Each entry that follows should be retyped exactly.

(Records from a data source)
- - - - - - -

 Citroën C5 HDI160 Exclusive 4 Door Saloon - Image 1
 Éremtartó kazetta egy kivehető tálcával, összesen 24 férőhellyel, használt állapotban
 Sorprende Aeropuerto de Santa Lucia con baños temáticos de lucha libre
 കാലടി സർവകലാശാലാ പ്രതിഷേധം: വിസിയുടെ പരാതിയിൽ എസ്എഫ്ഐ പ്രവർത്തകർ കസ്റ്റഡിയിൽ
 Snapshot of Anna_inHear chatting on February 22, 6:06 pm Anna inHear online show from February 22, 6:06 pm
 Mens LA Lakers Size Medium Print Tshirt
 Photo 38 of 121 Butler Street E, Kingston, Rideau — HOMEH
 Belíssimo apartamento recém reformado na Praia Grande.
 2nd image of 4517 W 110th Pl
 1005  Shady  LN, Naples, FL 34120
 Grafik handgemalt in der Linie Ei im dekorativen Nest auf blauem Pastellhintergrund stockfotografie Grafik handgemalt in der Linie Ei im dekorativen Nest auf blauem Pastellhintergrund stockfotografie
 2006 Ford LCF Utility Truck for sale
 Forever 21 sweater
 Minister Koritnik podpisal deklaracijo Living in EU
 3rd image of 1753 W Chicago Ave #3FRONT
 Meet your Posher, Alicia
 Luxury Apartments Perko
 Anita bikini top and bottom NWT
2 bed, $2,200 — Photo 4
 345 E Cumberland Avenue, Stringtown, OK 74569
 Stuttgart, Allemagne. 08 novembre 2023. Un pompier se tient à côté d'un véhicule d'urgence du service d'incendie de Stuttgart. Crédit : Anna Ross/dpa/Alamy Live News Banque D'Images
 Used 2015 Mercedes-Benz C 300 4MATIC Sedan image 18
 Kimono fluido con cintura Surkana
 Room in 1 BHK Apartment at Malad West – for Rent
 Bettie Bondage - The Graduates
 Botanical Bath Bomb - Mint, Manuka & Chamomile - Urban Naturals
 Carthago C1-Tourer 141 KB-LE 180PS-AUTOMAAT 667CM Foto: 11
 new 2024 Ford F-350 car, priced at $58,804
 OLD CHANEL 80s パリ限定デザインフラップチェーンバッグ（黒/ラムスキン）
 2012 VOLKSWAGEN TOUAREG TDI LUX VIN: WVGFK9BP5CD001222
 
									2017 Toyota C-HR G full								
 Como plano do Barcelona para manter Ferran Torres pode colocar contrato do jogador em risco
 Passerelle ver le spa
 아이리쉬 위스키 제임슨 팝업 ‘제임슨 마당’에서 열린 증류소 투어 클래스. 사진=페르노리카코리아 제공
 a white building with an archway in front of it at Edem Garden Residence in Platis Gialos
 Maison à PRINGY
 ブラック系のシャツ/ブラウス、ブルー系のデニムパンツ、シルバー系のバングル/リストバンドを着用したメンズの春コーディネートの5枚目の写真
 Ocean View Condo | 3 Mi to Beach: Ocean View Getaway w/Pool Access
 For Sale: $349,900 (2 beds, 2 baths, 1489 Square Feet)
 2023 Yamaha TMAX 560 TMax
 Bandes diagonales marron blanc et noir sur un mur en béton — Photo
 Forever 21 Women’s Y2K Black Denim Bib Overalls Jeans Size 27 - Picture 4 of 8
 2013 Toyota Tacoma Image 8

- - - - - - -

> TASK RESULT
 Citroën C5 HDI160 Exclusive 4 Door Saloon - Image 1
 Éremtartó kazetta egy kivehető tálcával, összesen 24 férőhellyel, használt állapotban
 Sorprende Aeropuerto de Santa Lucia con baños temáticos de lucha libre
 കാലടി സർവകലാശാലാ പ്രതിഷേധം: വിസിയുടെ പരാതിയിൽ എസ്എഫ്ഐ പ്രവർത്തകർ കസ്റ്റഡിയിൽ
 Snapshot of Anna_inHear chatting on February 22, 6:06 pm Anna inHear online show from February 22, 6:06 pm
 Mens LA Lakers Size Medium Print Tshirt
 Photo 38 of 121 Butler Street E, Kingston, Rideau — HOMEH
 Belíssimo apartamento recém reformado na Praia Grande.
 2nd image of 4517 W 110th Pl
 1005  Shady  LN, Naples, FL 34120
 Grafik handgemalt in der Linie Ei im dekorativen Nest auf blauem Pastellhintergrund stockfotografie Grafik handgemalt in der Linie Ei im dekorativen Nest auf blauem Pastellhintergrund stockfotografie
 2006 Ford LCF Utility Truck for sale
 Forever 21 sweater
 Minister Koritnik podpisal deklaracijo Living in EU
 3rd image of 1753 W Chicago Ave #3FRONT
 Meet your Posher, Alicia
 Luxury Apartments Perko
 Anita bikini top and bottom NWT
2 bed, $2,200 — Photo 4
 345 E Cumberland Avenue, Stringtown, OK 74569
 Stuttgart, Allemagne. 08 novembre 2023. Un pompier se tient à côté d'un véhicule d'urgence du service d'incendie de Stuttgart. Crédit : Anna Ross/dpa/Alamy Live News Banque D'Images
 Used 2015 Mercedes-Benz C 300 4MATIC Sedan image 18
 Kimono fluido con cintura Surkana
 Room in 1 BHK Apartment at Malad West – for Rent
 Bettie Bondage - The Graduates
 Botanical Bath Bomb - Mint, Manuka & Chamomile - Urban Naturals
 Carthago C1-Tourer 141 KB-LE 180PS-AUTOMAAT 667CM Foto: 11
 new 2024 Ford F-350 car, priced at $58,804
 OLD CHANEL 80s パリ限定デザインフラップチェーンバッグ（黒/ラムスキン）
 2012 VOLKSWAGEN TOUAREG TDI LUX VIN: WVGFK9BP5CD001222
 
									2017 Toyota C-HR G full								
 Como plano do Barcelona para manter Ferran Torres pode colocar contrato do jogador em risco
 Passerelle ver le spa
 아이리쉬 위스키 제임슨 팝업 ‘제임슨 마당’에서 열린 증류소 투어 클래스. 사진=페르노리카코리아 제공
 a white building with an archway in front of it at Edem Garden Residence in Platis Gialos
 Maison à PRINGY
 ブラック系のシャツ/ブラウス、ブルー系のデニムパンツ、シルバー系のバングル/リストバンドを着用したメンズの春コーディネートの5枚目の写真
 Ocean View Condo | 3 Mi to Beach: Ocean View Getaway w/Pool Access
 For Sale: $349,900 (2 beds, 2 baths, 1489 Square Feet)
 2023 Yamaha TMAX 560 TMax
 Bandes diagonales marron blanc et noir sur un mur en béton — Photo
 Forever 21 Women’s Y2K Black Denim Bib Overalls Jeans Size 27 - Picture 4 of 8
 2013 Toyota Tacoma Image 8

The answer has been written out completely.